Task requirements
With the pictures excluded, reproduce all of the data exactly.

Dataset records
════════════════════

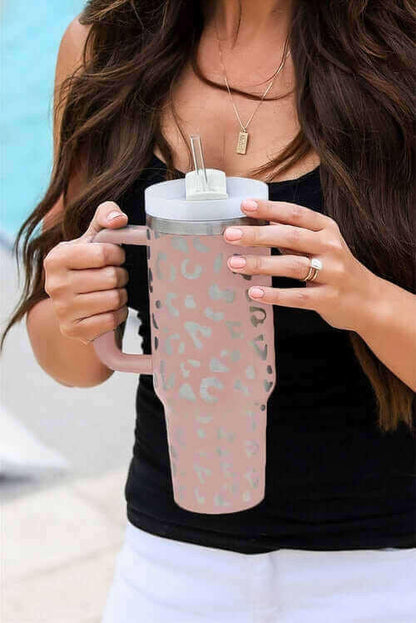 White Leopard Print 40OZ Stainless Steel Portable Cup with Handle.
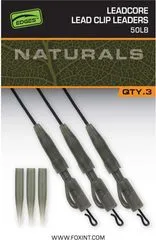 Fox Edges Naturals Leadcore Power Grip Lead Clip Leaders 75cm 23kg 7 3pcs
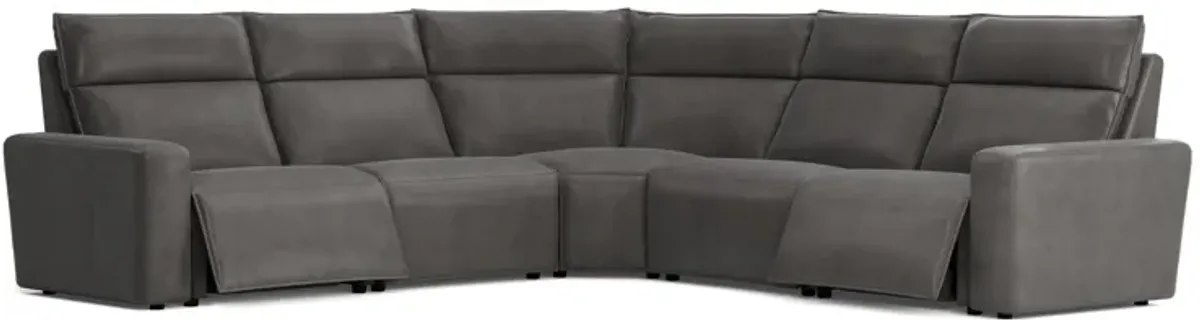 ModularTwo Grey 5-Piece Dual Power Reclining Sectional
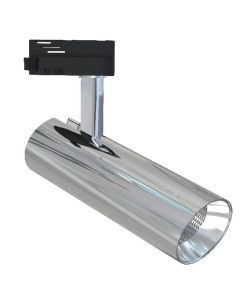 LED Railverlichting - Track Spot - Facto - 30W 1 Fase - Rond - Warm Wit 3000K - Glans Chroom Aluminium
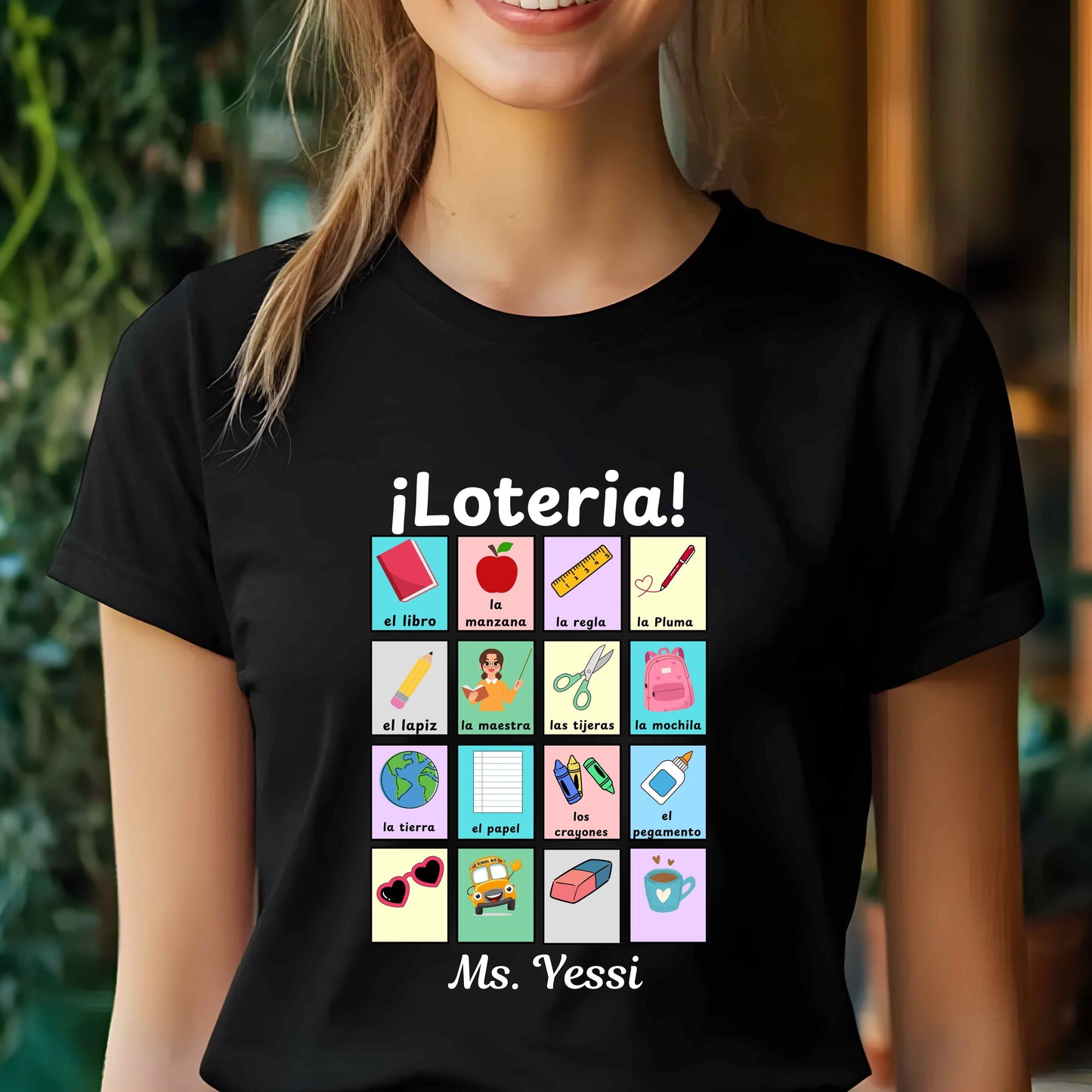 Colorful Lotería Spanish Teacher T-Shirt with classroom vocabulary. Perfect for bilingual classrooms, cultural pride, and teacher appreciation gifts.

════════════════════

Answer to the problem
 White Leopard Print 40OZ Stainless Steel Portable Cup with Handle.
 Fox Edges Naturals Leadcore Power Grip Lead Clip Leaders 75cm 23kg 7 3pcs
 ModularTwo Grey 5-Piece Dual Power Reclining Sectional
 LED Railverlichting - Track Spot - Facto - 30W 1 Fase - Rond - Warm Wit 3000K - Glans Chroom Aluminium
 Colorful Lotería Spanish Teacher T-Shirt with classroom vocabulary. Perfect for bilingual classrooms, cultural pride, and teacher appreciation gifts.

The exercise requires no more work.